What is a Section 20 Agreement? 

Section 20 agreements are used to allow the Local Authority to accommodate a child outside of the care of a person with parental responsibility. This could be for a variety of reasons, however most commonly, section 20 agreements are considered when the child’s carers are unable to properly care for the child, for example due to ill health, if the local authority are concerned about a child’s continued safety in the care of their parent/carer or where the child is unable to continue living at the home of the parent/carer.

Voluntary agreements and your options

A section 20 agreement is not an order, it is a voluntary agreement by which a person with parental responsibility for a child gives consent to the local authority to accommodate the child outside of their care. This could be with another family member who does not hold parental responsibility, with a family friend, or in local authority foster care if no other suitable alternative carers are available.

Understanding your rights when signing a Section 20 Agreement

As outlined above, section 20 agreements are voluntary agreements which require the consent of the person with parental responsibility. This means that you can refuse to sign a section 20 agreement, or you can withdraw your consent at any time once a section 20 agreement has been made. Section 20 does not remove your parental responsibility, and if you withdraw your section 20 consent, or refuse to sign the agreement, the Local Authority do not have the power to remove the child from your care or refuse to return the child to your care unless they obtain a Court Order enabling them to do so.

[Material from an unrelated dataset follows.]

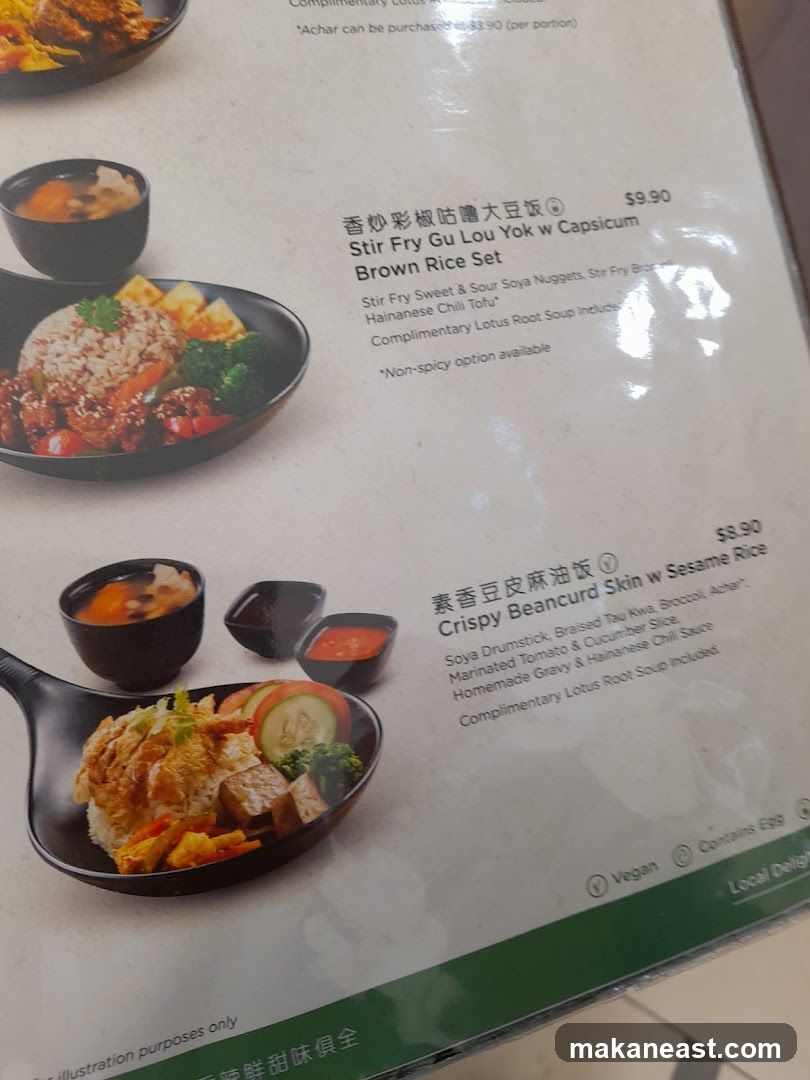 Menu Items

What to expect when a Section 20 Agreement is in place

If you have been asked to sign a section 20 agreement, the Local Authority should provide you with the reasons why they wish for your child to be accommodated outside of your care. If the Local Authority has concerns about the care your child is being provided with in your care, the Local Authority should set out what they expect you to do in order for the child to be returned to your care, how long they intend the section 20 agreement to be for, the safety plan for the child when they are outside of your care, and what the contact arrangements between you and the child will be whilst they remain outside of your care.

Seeking legal advice: why it’s important

You should seek legal advice before signing a section 20 agreement so that you fully understand what you are being asked to agree to, whether a section 20 agreement is the right course of action for your particular circumstances, or whether negotiations need to be held in respect of the terms of the section 20 agreement, the proposed contact arrangements, the expectations of you, or the proposed placement of the child.

What happens if you refuse or withdraw consent?

If you refuse to sign a section 20 agreement, and the Local Authority have concerns about a child remaining in your care, or if you have signed a section 20 agreement and withdraw your consent without the Local Authority agreeing to the child being returned to your care, the Local Authority could decide to issue Court Proceedings to obtain an order to enable them to keep the child out of your care. It is important that you seek legal advice before making either of these decisions so that you fully understand the consequences of doing so.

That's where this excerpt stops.